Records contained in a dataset

· · · · · · ·

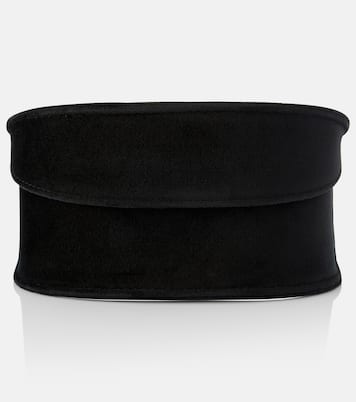 Occhiali da sole in metallo | Gucci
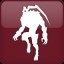 Ifrit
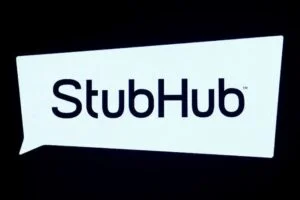 StubHub faces class action over failure to fulfil World Cup ticket promises
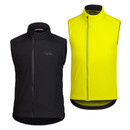 Rapha Transfer Gilet 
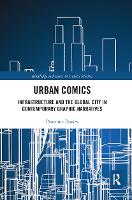 Urban Comics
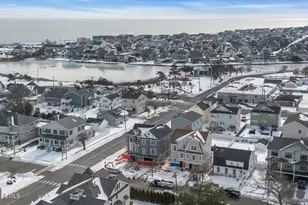 202 Central Ave, Point Pleasant Beach, NJ 08742 - Photo 14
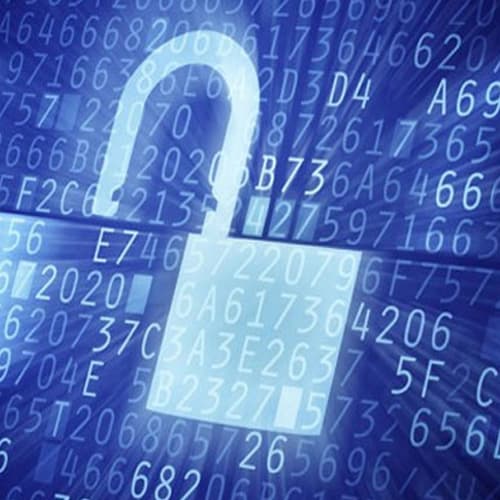 Record level of vulnerabilities sparks cybersecurity innovation among global enterprises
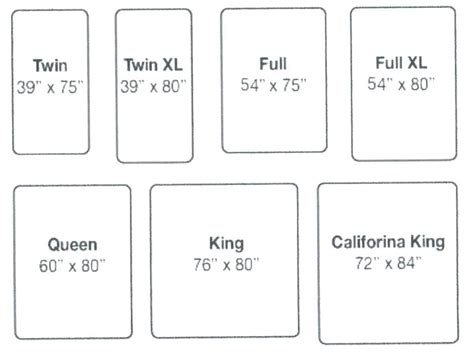Twin Beds Extra Long: A Guide to the Perfect Sleep Solution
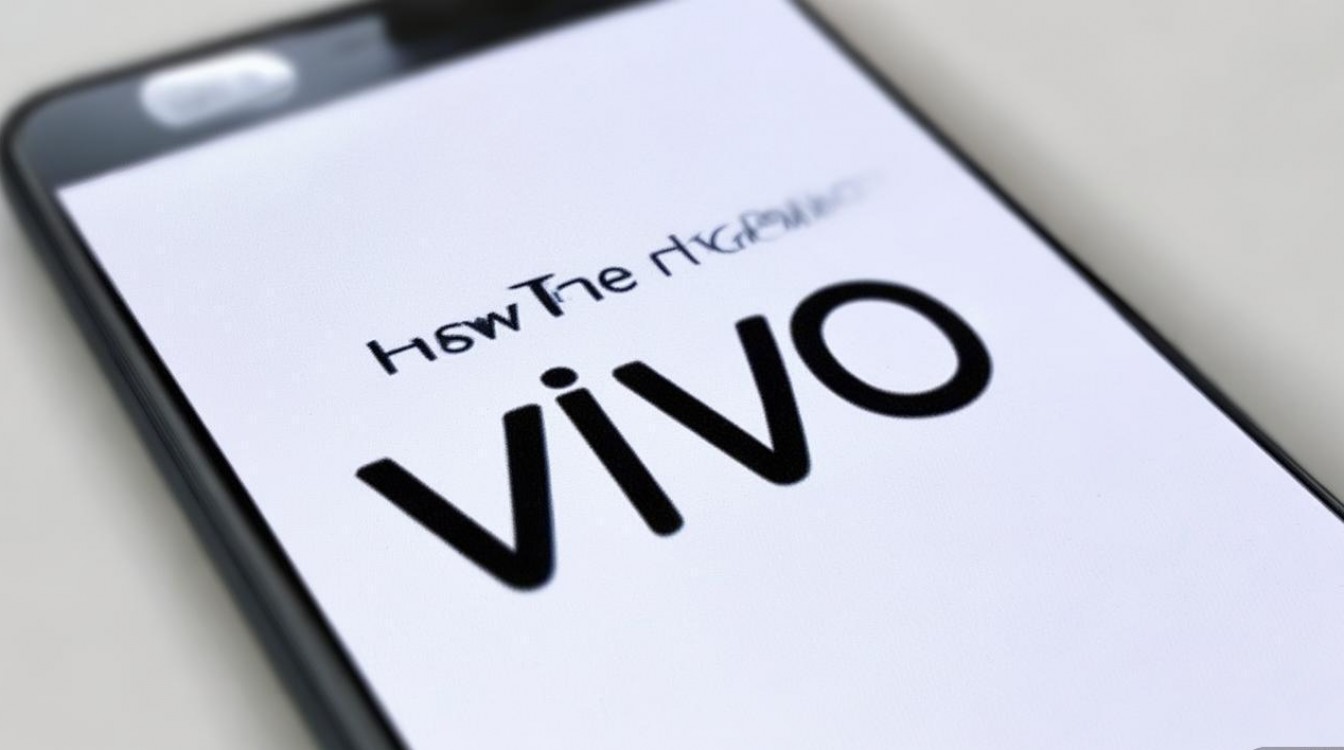 vivo图标怎么隐藏图标？vivo手机如何隐藏应用图标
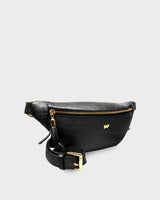 ALESSIA Gürteltasche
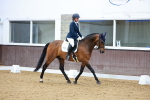SBM_000648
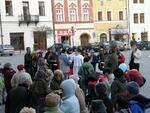 MASOPUST 2012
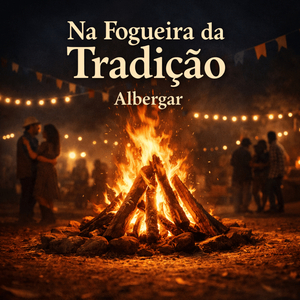 Herança de Terreiro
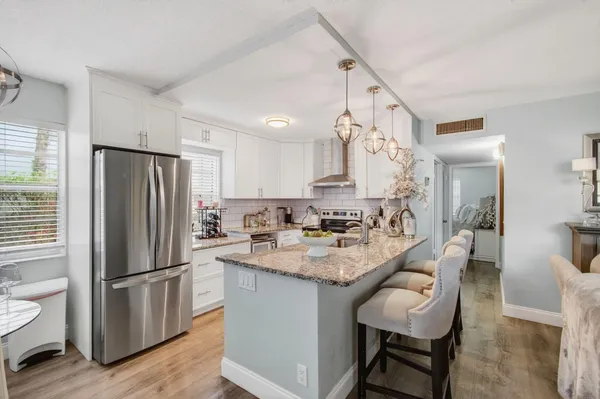 $2,000 | 292 Piedmont Trail, Delray Beach, FL 33484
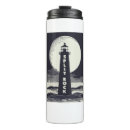 Search for great lakes lighthouses mugs Minnesota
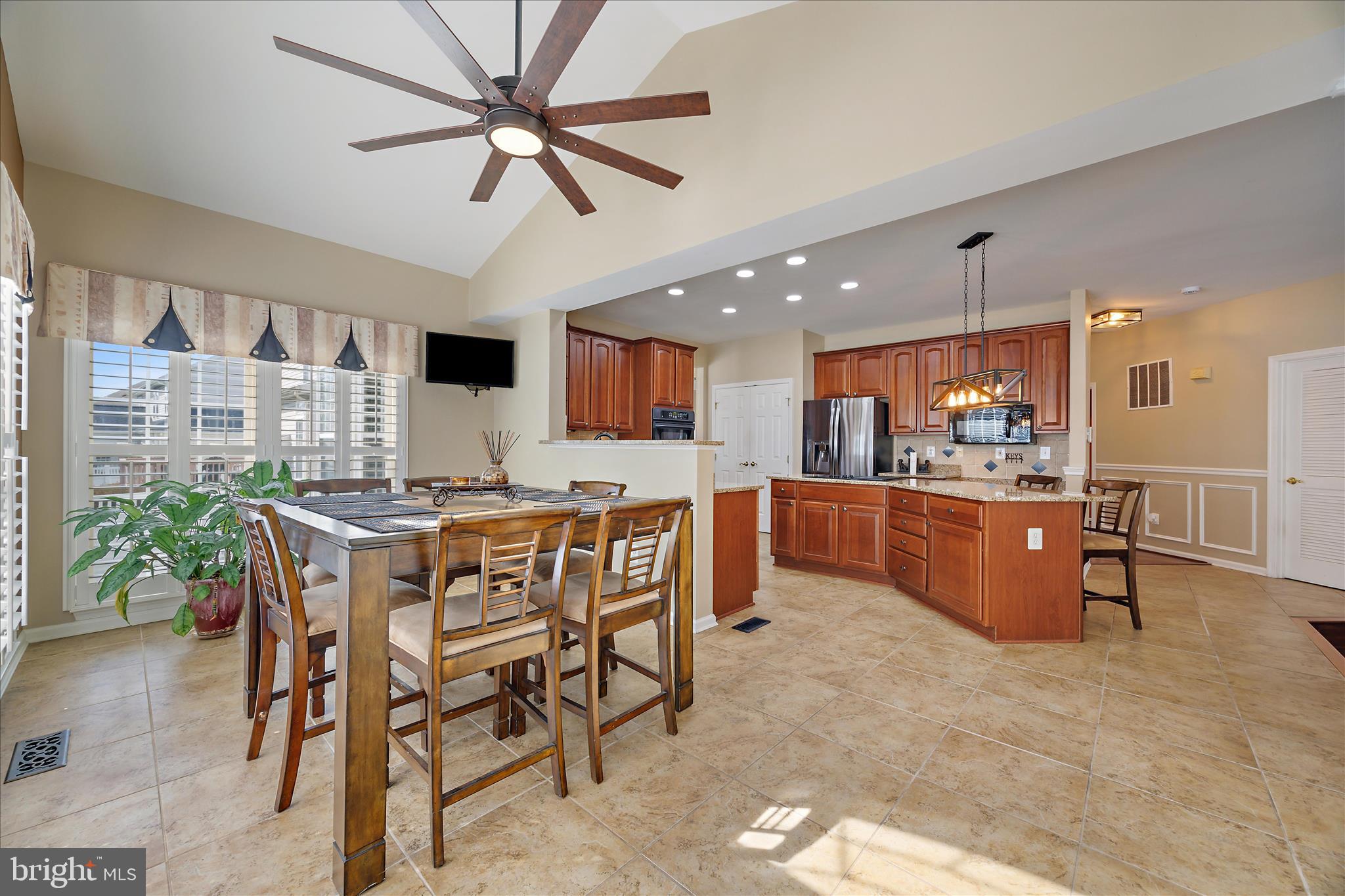 SHIPLEY PROPERTY - Residential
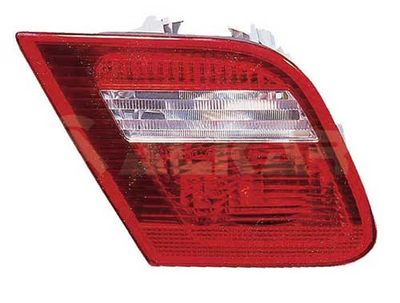 ALKAR 2221849 Задний фонарь  для BMW 3 купе (E46) M3 CSL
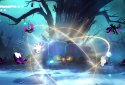 Towaga: Among Shadows screenshot 5
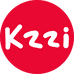 KZZI电脑外设旗舰店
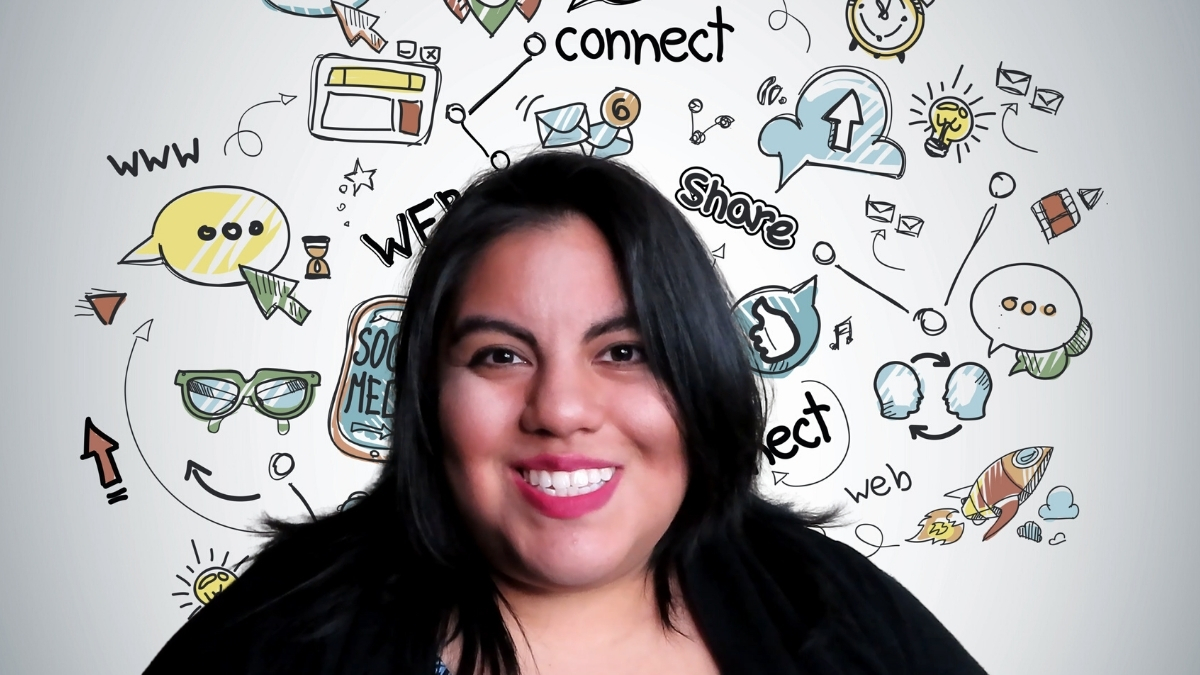 New to Social Media? Find Your Scholarly Network with These Tips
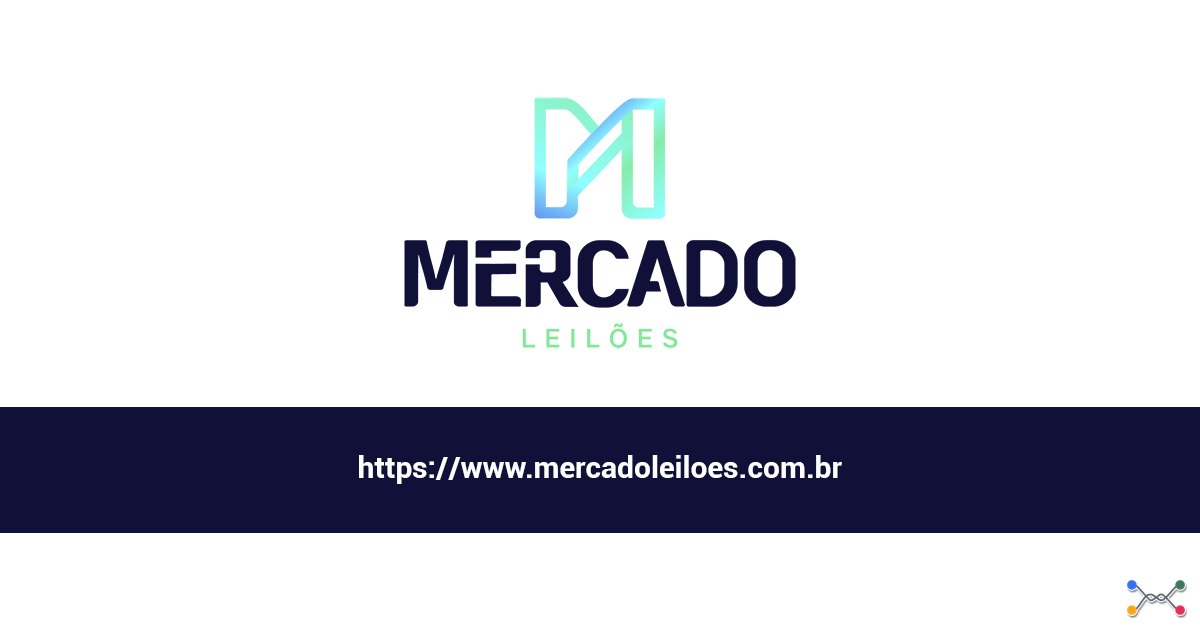 Uma fração de terras de 578,13m2, dentro de uma área maior de 77.000m2, situada no lugar de denominado Linha Grande, no município de Dona Francisca, confrontando-se ao Norte, com propriedade de Fioravante Migotto; ao Sul, com terras de Alfredo Bortolás; ao Leste, com a estrada geral da Linha Grande; e, ao Oeste, com propriedade de Francisco Baldissera. Matrícula sob n°9.442 do CRI de Faxinal do Soturno/RS. Localização do bem: Linha Grande, no município de Dona Francisca/RS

· · · · · · ·

# [TASK TO CARRY OUT]
Write out exactly the lines above, from the very first through the line containing "New to Social", both kept, with the pictures removed.

# [REPLY]
 Occhiali da sole in metallo | Gucci
 Ifrit
 StubHub faces class action over failure to fulfil World Cup ticket promises
 Rapha Transfer Gilet 
 Urban Comics
 202 Central Ave, Point Pleasant Beach, NJ 08742 - Photo 14
 Record level of vulnerabilities sparks cybersecurity innovation among global enterprises
Twin Beds Extra Long: A Guide to the Perfect Sleep Solution
 vivo图标怎么隐藏图标？vivo手机如何隐藏应用图标
 ALESSIA Gürteltasche
SBM_000648
 MASOPUST 2012
 Herança de Terreiro
 $2,000 | 292 Piedmont Trail, Delray Beach, FL 33484
 Search for great lakes lighthouses mugs Minnesota
 SHIPLEY PROPERTY - Residential
 ALKAR 2221849 Задний фонарь  для BMW 3 купе (E46) M3 CSL
 Towaga: Among Shadows screenshot 5
 KZZI电脑外设旗舰店
 New to Social Media? Find Your Scholarly Network with These Tips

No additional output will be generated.